Affy's gene expression business continues to be its weakest, Witney said. While the business is "still viable," with gene-expression arrays being sold for translational applications, Affy expects its gene expression sales to decline about 10 percent this year. Despite this, Affy "will continue to invest in a prudent way" in gene expression in order to "maintain the business as best we can." An updated human transcriptome gene expression array is slated for launch in the second quarter, Witney noted.
Phase 2
Gene expression array sales currently generate 41 percent of Affy's overall revenues, but with the inclusion of eBioscience, the San Diego flow cytometry and liquid chromotography reagents provider the firm acquired last year, gene expression will generate 32 percent of revenues in 2013, with eBio generating 22 percent, and genetic analysis products generating another 30 percent, according to Witney. Affy's life science reagents and other activities should contribute the remaining 16 percent of revenues this year, he said.
Affy earlier this week announced preliminary fourth-quarter revenues of $84 million, and Witney said at the conference that the firm expects to generate revenues of about $330 million in 2013, roughly flat with what its 2012 numbers would have been had eBio been part of the company since the beginning of the year.

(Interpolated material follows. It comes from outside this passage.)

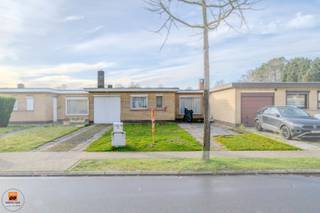 In de "Beukenstraat 22", een rustige - kindvriendelijke - woonwijk, dichtbij het centrum van Evergem, dichtbij scholen, winkelcentra,...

However, management is keen to restore the company to growth in the coming years and is executing against the second phase of a plan to achieve that goal, Witney said. Whereas the first phase of Affy's plan included the acquisition of eBio and expanding its presence in the translational medicine and clinical diagnostics markets, the second phase calls for trimming the firm's cost structure to return it to profitability, and the third phase calls for expansion into higher-growth markets.
Part of the current second phase of Affy's plan includes the reduction in headcount. Witney said that Affy would take a $7 million charge in the first quarter related to the announced layoffs. Most of the cuts were within Affy's array-related businesses, he said, and not within eBio, which became part of Affy in June.
By reducing its number of staffers by 8 percent and undertaking other cost-saving measures, Witney said that the firm anticipates operating expenses of about $180 million in 2013, which together with its projected $330 million in full year revenues, would provide Affy with positive operating income for the full year.